October 6, 2021

Oglethorpe County, we can make this happen

           If I’ve learned anything in the past couple of weeks, I have learned that Oglethorpe County wants its newspaper.  And that’s a key reason I am stepping up to help make this happen.  I cannot do this alone.  The Oglethorpe Echo’s future success depends on all of us.

            But first, the people of our community owe a debt of gratitude to Ralph Maxwell and his family.  Since 1956, the Maxwells have provided The Echo as a weekly news and advertising source, plus a forum for the expression of opinions and ideas.  The desire to keep that legacy moving forward is a key reason for my issuing this challenge.

I believe a good newspaper is a community talking to itself.  Oglethorpe County isn’t bashful about exercising the benefits of the First Amendment.  I like that.  In impromptu remarks at Monday night’s county commissioners’ meeting, I said that I want this on my tombstone: “At least the old fool was fair.”  We won’t always agree, but I intend to listen.  
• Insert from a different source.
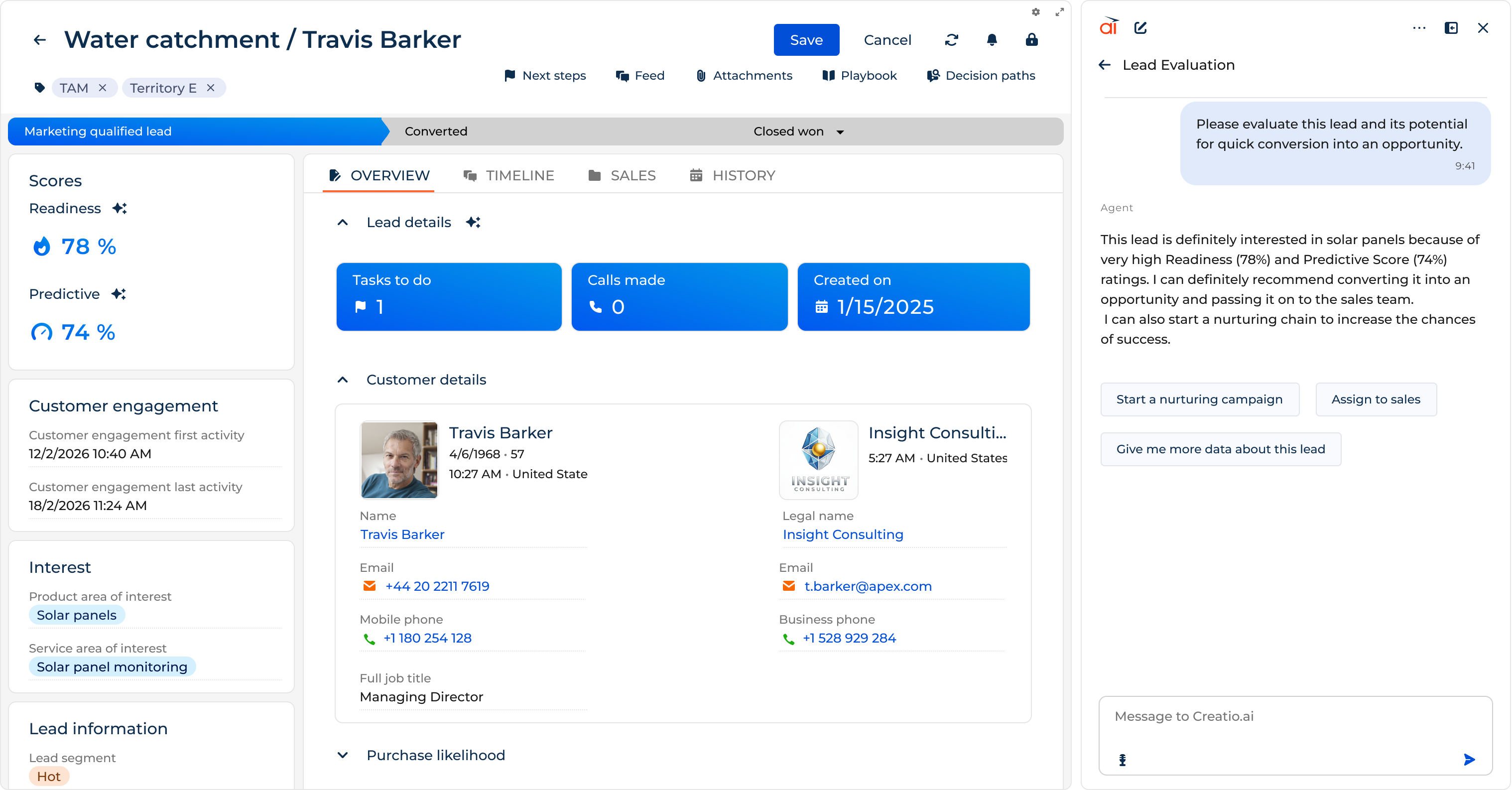 Lead Management feature in Creatio CRM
So what’s going to happen on Nov. 1?

The Maxwell family has agreed to donate The Echo to a new nonprofit corporation.  I will not own the newspaper.  The Oglethorpe Echo Legacy Inc. will.
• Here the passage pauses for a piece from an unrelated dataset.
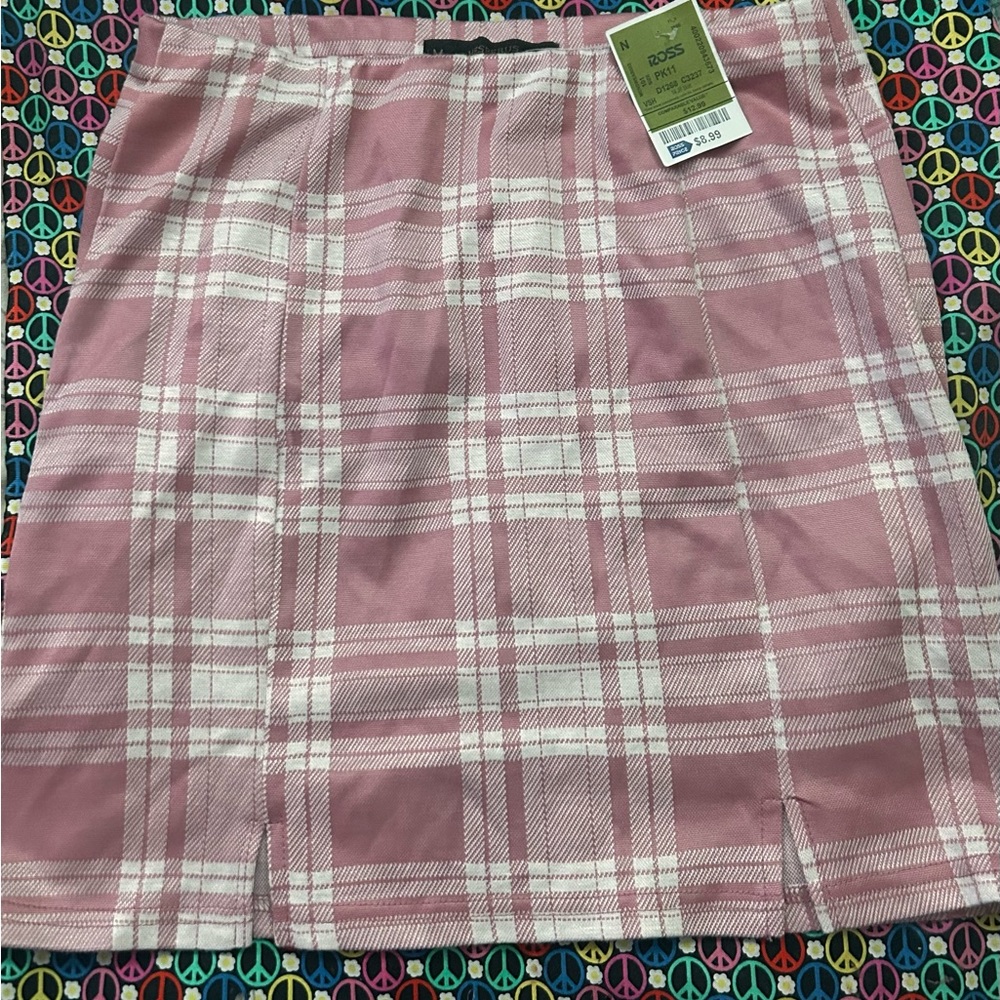 Plaid skirt pink and white medium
Initially, I will serve as its chairman of the board.  The governing body will be a diverse board of directors, chosen from Oglethorpe County citizens.  We will all be volunteers.  We plan to appoint a youth board of advisers, too.  If the newspaper’s legacy is to flourish, the collective support and guidance of multiple generations is essential.
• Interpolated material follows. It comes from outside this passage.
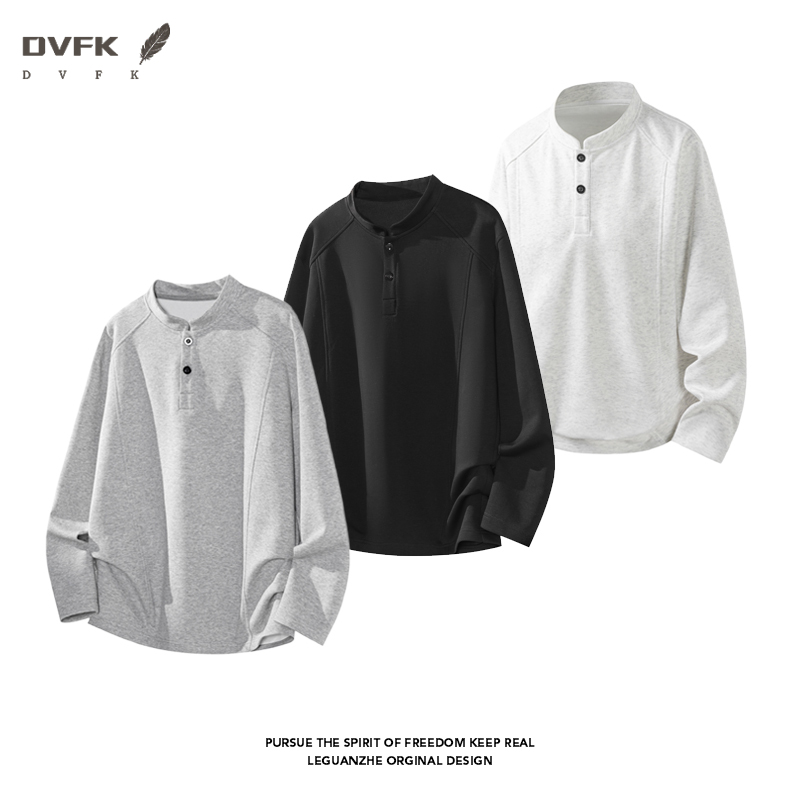 Embellish Knit - Heren Henley-shirt met raglanmouwen, lange mouwen,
            While the new company is going to be a nonprofit corporation, that doesn’t mean The Echo doesn’t have to worry about being a sound business entity.  No, no.  The newspaper, more than ever, will need advertising and readers.  The nonprofit status allows tax-deductible donations to help cover the expenses.  Please read Amy Stone’s column in this edition.

            After my initial talk with Ralph, I wondered how The Echo could fill its news hole.  A call to UGA’s Henry W. Grady College of Journalism and Mass Communications answered that question.  Dean Charles Davis endorsed the idea of using your newspaper as a laboratory for senior journalism students to gain real-life experience.  Instructor Andy Johnston, a veteran newspaperman, will mentor the student reporters, photographers and graphic artists.  I will serve as an adviser, too.  We’ll still need community volunteers for photos and articles.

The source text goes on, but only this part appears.